Paylaş
İç Hastalıkları Uzmanı Prof. Dr. Birsel Kavaklı, gribin korkulması ve korunulması gereken bir hastalık olduğunu hatırlatıyor. Grip; zatürree, kulak iltilapları, sinüzit gibi başka hastalıklara zemin hazırlıyor. “Elbette ki erken teşhis ve tedaviyle gribin ilerlemesi önlenirse yaşamı tehdit etmez. Ancak iyileşene kadar iş, okul veya sosyal aktivitelerden sizi alıkoyar” diyor. Gripten hasta olanların iyileşene kadar, işe gitmemeleri, evlerinde dinlenmeleri öneriliyor. Aslında bu hastaların iyileşmesi kadar, hastalığı çevreye bulaştırmamaları da önemli.
Gribi evde, dinlenerek atlatmak mümkün. Ama solunum sıkıntısı çekmeye başladıysanız, üç gün geçtiği halde ateşiniz düşmüyor, şuur bulanıklığı gibi belirtiler yaşıyorsanız zaman kaybetmeden hastaneye gidin.
SGK 65 YAŞ ÜZERİNİN AŞISINI KARŞILIYOR
Bazı gruplar grip açısından daha büyük risk altında. 65 yaşın üzerinde olanlar, kronik kalp, akciğer, metabolik, nörolojik hastalığı bulunanlar, hamileler ve 5 yaş altındaki çocuklar gribi daha ağır geçiriyor. Bu nedenle de risk grubunda sayılıyorlar. Risk grubundakilerin grip aşılarını yaptırmaları öneriliyor. Yeri gelmişken bir hatırlatma yapayım, SGK (Sosyal Güvenlik Kurumu) 65 yaş üzerindekilerin ve kronik hastalığı bulunanların aşılarını ücretsiz olarak karşılıyor.
KOLAY BULAŞIYOR
Grip kolay bulaşan bir solunum yolu hastalığı. En sık bulaşma yolu da tokalaşma, yakın konuşmalar, öpüşme gibi yakın temas. Grip ve benzeri hastalıklardan korunmanın, mevsimsel grip aşısıyla birlikte en etkili yolu, genel hijyen kurallarına uyulması. Ellerin sık ve gerektiği gibi sabunlanarak yıkanması en önemli korunma yollarından biri.
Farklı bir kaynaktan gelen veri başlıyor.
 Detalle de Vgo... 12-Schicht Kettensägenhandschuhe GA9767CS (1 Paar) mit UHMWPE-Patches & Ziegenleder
Öksürme ve hapşırma sırasında ağız ve burnun kâğıt mendille kapatılması ve mendilin çöp kutusuna atılması hastalığın yayılmasını önler. Bu mümkün değilse kolun içiyle ağız ve burun kapatılmalı. Sık kullanılan yüzeyler günlük temizlik malzemeleriyle sık temizlenmeli, kapalı ortamlar sık sık havalandırılmalı.